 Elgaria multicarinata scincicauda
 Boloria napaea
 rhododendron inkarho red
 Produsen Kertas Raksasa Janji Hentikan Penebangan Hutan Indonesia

• • •

= Work to be completed =
Copy, exactly as written, the lines above, beginning with the one that contains "Boloria napaea" and ending with the last.

= Task response =
 Boloria napaea
 rhododendron inkarho red
 Produsen Kertas Raksasa Janji Hentikan Penebangan Hutan Indonesia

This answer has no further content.